#### [Dataset extract]
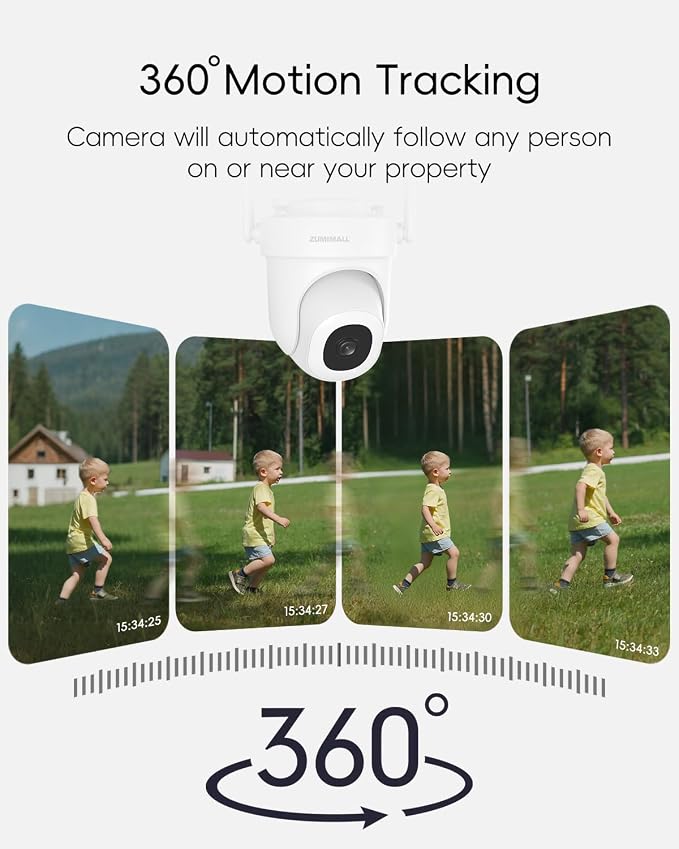 ZUMIMALL 2K Wired Outdoor Camera, 2.4G/5G WiFi Security Camera, 24/7 Recording - Image 2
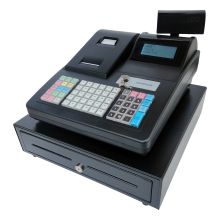 CRG520 Black Cash Register And Large Drawer (Twin Printer)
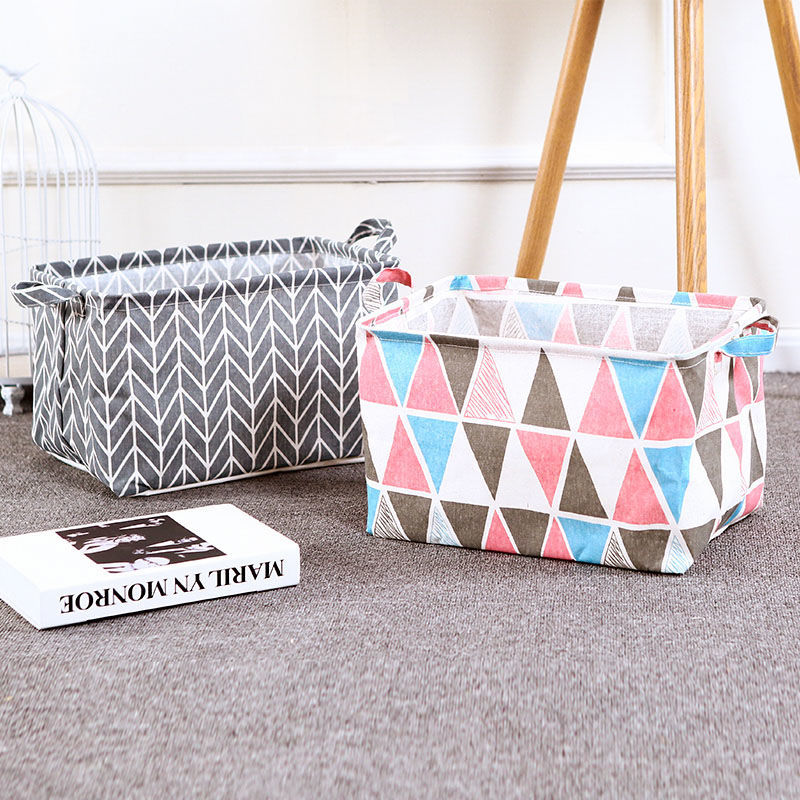 Storage Bag Clothing Toys Fabric Home Bag Storage Collapsible Waterproof Desktop Storage Box In Student Dormitory Item Picture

#### [Instructions for the task]
A word-for-word restatement of all the lines above is needed, with the pictures omitted.

#### [Exercise response]
 ZUMIMALL 2K Wired Outdoor Camera, 2.4G/5G WiFi Security Camera, 24/7 Recording - Image 2
 CRG520 Black Cash Register And Large Drawer (Twin Printer)
 Storage Bag Clothing Toys Fabric Home Bag Storage Collapsible Waterproof Desktop Storage Box In Student Dormitory Item Picture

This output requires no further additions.